Oscar Pistorius has been found guilty of the murder of Reeva Steenkamp after South Africa’s Supreme Court of Appeal overturned the previous conviction of culpable homicide.
Judge Eric Leach ruled Thursday that the Paralympic gold medalist should have foreseen that his firing of a gun would have killed whoever was behind the door in his bathroom, regardless of whether he thought it was Steenkamp or an intruder.
State prosecutors appealed the verdict of culpable homicide, seeking a conviction on more severe charges.
The original court judgment had been “fundamentally flawed,” Leach said.
Pistorius shot girlfriend Reeva Steenkamp, a model, four times through a locked toilet door on Valentine’s Day 2013, saying he mistook her for an intruder.
His jail term hasn’t been decided, but he faces up to 15 years in prison.
In October, Pistorius was allowed to move from prison,where he served a year of his original five-year sentence, to house detention.

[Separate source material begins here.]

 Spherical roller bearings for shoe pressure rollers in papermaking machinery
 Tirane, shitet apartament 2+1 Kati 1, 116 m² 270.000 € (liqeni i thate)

Steenkamp’s family members were present for Thursday’s proceedings, remaining stony-faced throughout but hugging after hearing the verdict.
‘Tragedy of Shakespearean proportions’
The judge called the circumstances surrounding Steenkamp’s death “a human tragedy of Shakespearean proportions.”
The ruling rested over the concept of dolus eventualis, or whether Pistorius should have foreseen his actions would lead to death.
Leach slammed the original judge’s failure to assess adequately ballistic evidence that showed Pistorius’ firing in to the bathroom stall would have resulted in the person inside being struck.
It was “common sense” that Pistorius must have known he was carrying out a potentially lethal act that “gambled with life” when he fired his gun through the closed toilet door, he said.
“All the shots fired through the door would almost inevitably have struck the person behind it. There would be effectively no place to hide,” Leach said.
He called Pistorius’ testimony about his actions “unacceptable,” “vacillating” and “contradictory.”
Prosecutors had argued that the 29-year old — known as the “Blade Runner” in a reference to the prosthetic legs he uses when he races — intentionally killed Steenkamp following an argument.
Leach said that although Pistorius had genuine beliefs his life was in danger, he should have acted more rationally.
He never fired a warning shot and shot not once but four times.
“The identity of victim is irrelevant to his guilt,” he said.
Double jeopardy?
CNN legal analyst Kelly Phelps said that double jeopardy — a defense that prevents a criminal defendant from being retried on the same charges following a verdict — did not technically apply in the Pistorius case for two reasons.
The first was that Pistorius wasn’t completely acquitted on the original charge but had been convicted of culpable homicide.